== Segment start ==

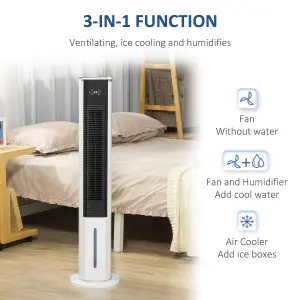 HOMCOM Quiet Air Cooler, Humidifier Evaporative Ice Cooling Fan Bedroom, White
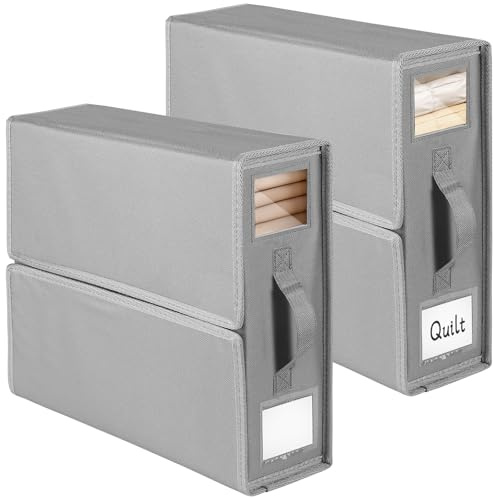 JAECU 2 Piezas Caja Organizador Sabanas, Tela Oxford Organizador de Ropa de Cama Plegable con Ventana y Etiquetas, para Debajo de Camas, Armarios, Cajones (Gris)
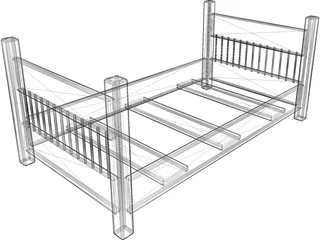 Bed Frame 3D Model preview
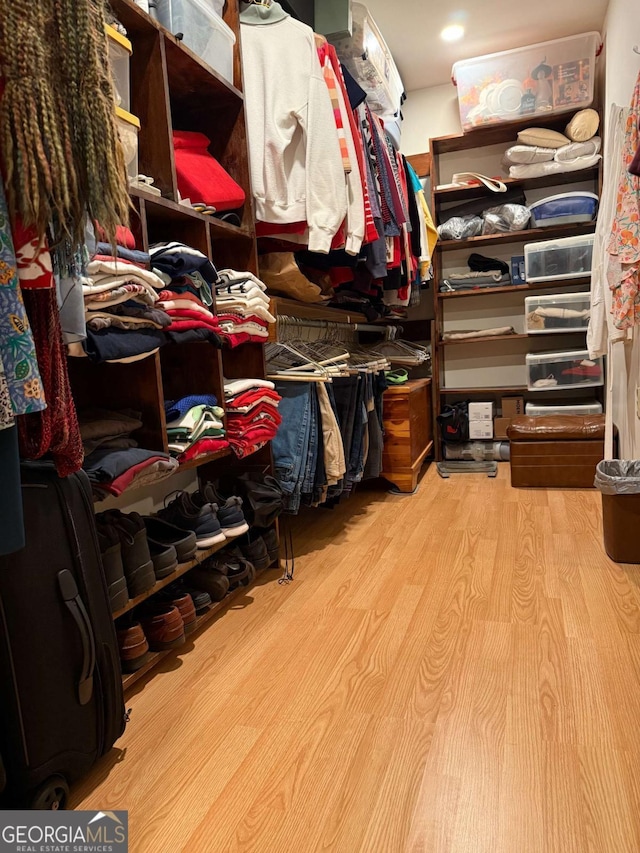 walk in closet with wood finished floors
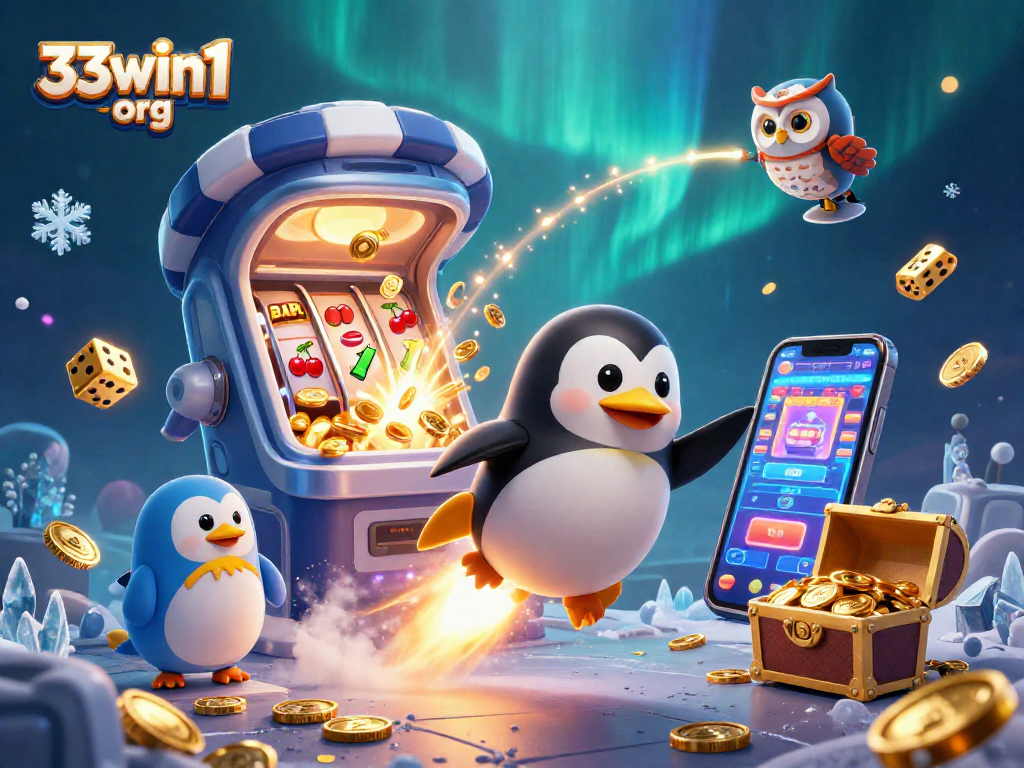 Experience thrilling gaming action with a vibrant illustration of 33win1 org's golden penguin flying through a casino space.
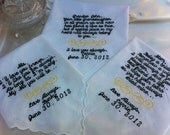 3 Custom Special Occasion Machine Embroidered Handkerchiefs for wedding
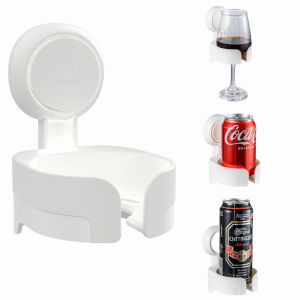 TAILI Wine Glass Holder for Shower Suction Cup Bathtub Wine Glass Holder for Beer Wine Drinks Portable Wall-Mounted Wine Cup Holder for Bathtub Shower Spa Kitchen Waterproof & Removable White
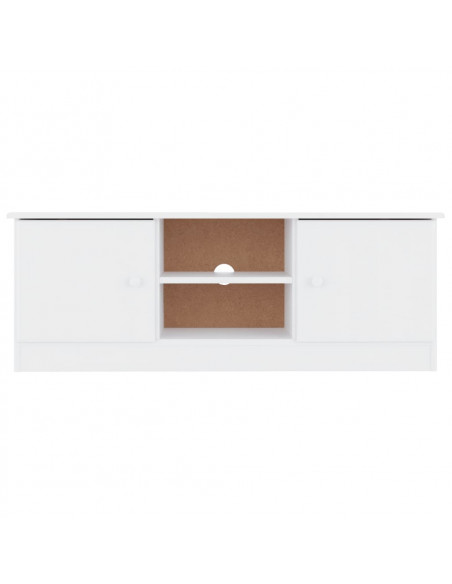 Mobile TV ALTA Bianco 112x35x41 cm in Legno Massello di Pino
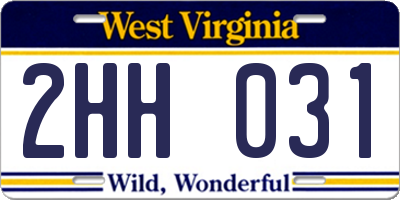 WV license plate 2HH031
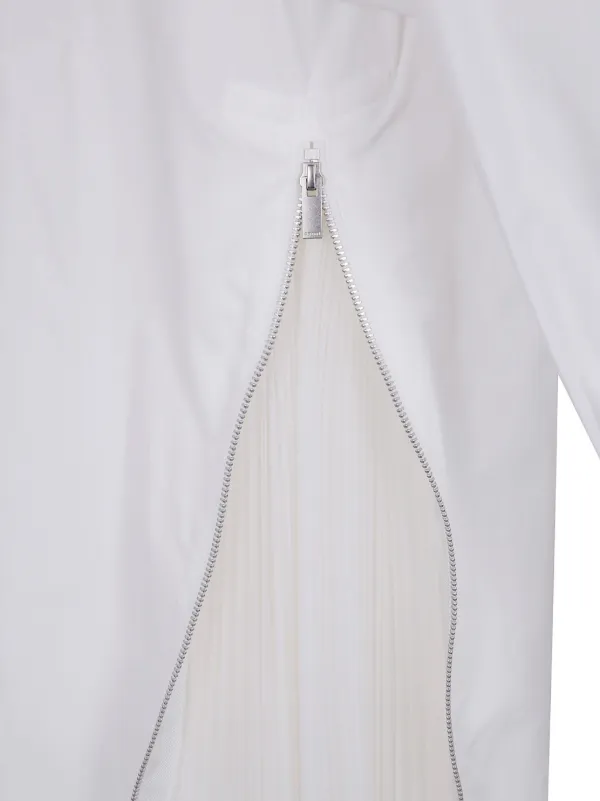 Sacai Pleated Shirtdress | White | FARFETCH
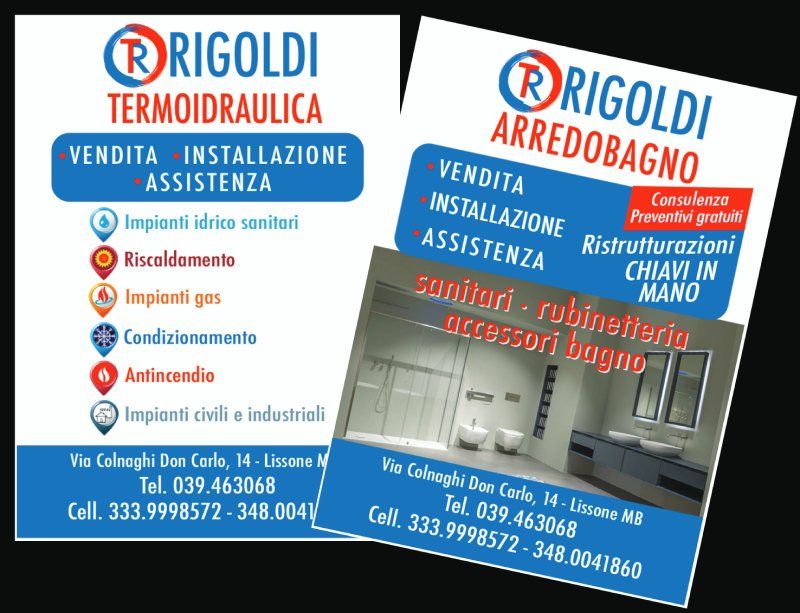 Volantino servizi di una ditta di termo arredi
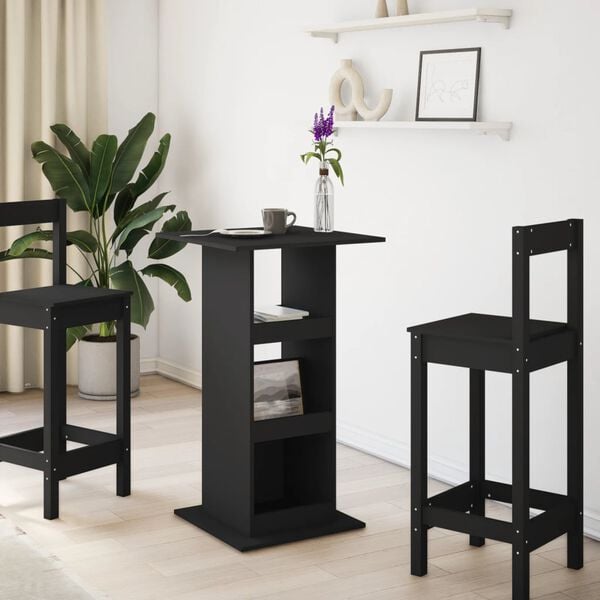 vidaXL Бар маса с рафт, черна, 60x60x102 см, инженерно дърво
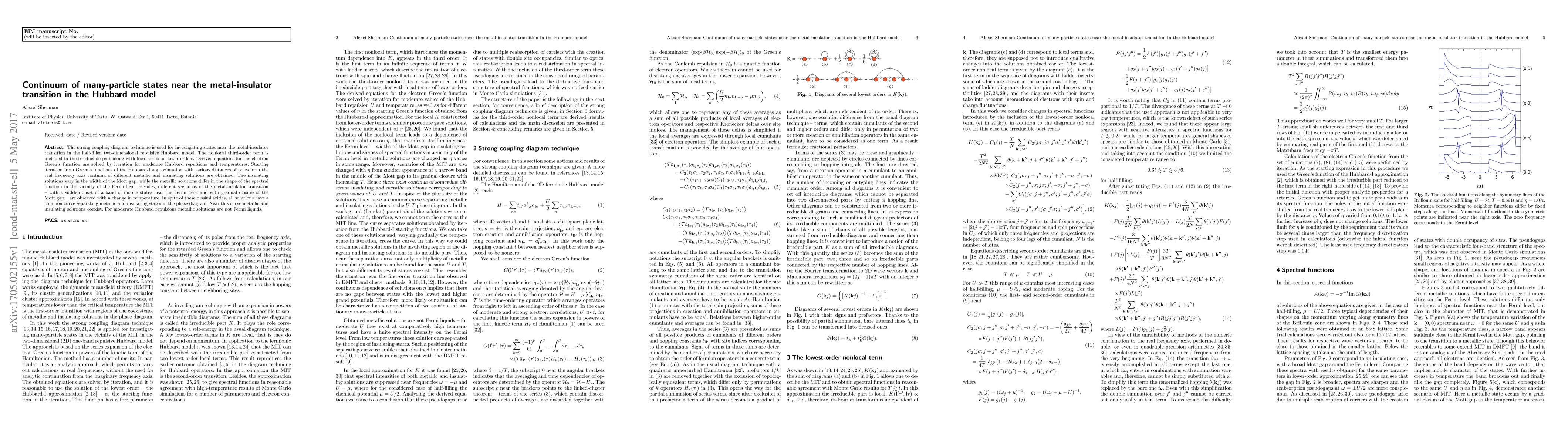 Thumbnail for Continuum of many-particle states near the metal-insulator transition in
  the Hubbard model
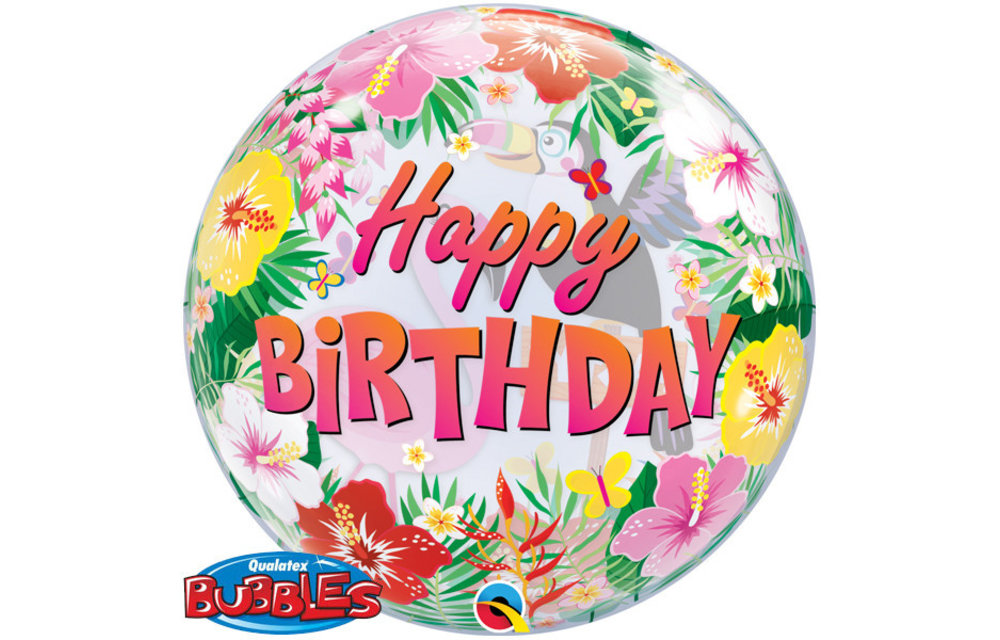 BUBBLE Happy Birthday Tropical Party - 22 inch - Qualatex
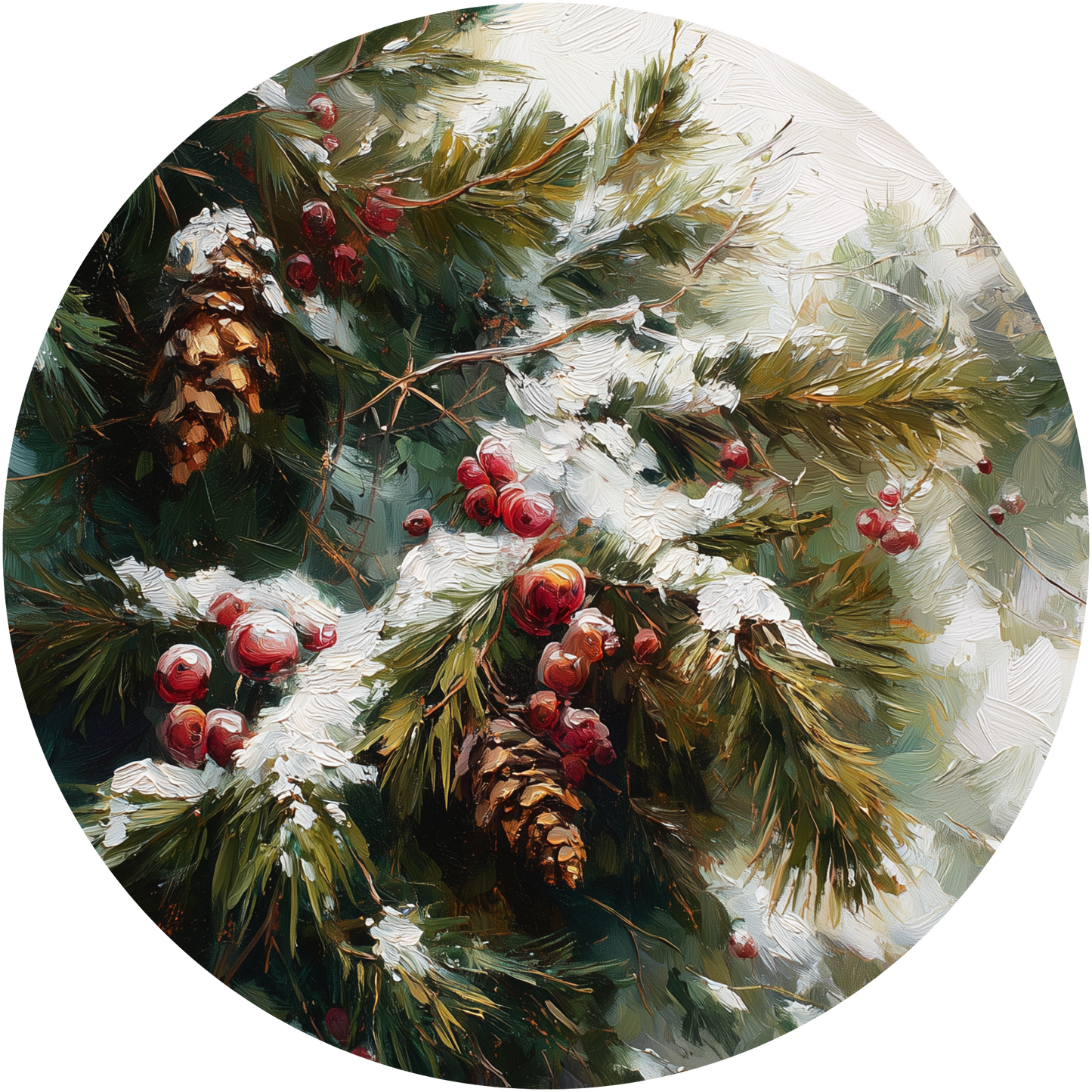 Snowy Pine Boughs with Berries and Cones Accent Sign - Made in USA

== Segment end ==

◆ About this exercise: An exact copy of the lines from the one with "Bed Frame 3D Model preview" through the end of the records: produce that and nothing more, leaving out the pictures.

◆ Expected answer:
 Bed Frame 3D Model preview
 walk in closet with wood finished floors
 Experience thrilling gaming action with a vibrant illustration of 33win1 org's golden penguin flying through a casino space.
 3 Custom Special Occasion Machine Embroidered Handkerchiefs for wedding
 TAILI Wine Glass Holder for Shower Suction Cup Bathtub Wine Glass Holder for Beer Wine Drinks Portable Wall-Mounted Wine Cup Holder for Bathtub Shower Spa Kitchen Waterproof & Removable White
 Mobile TV ALTA Bianco 112x35x41 cm in Legno Massello di Pino
 WV license plate 2HH031
 Sacai Pleated Shirtdress | White | FARFETCH
 Volantino servizi di una ditta di termo arredi
 vidaXL Бар маса с рафт, черна, 60x60x102 см, инженерно дърво
 Thumbnail for Continuum of many-particle states near the metal-insulator transition in
  the Hubbard model
 BUBBLE Happy Birthday Tropical Party - 22 inch - Qualatex
 Snowy Pine Boughs with Berries and Cones Accent Sign - Made in USA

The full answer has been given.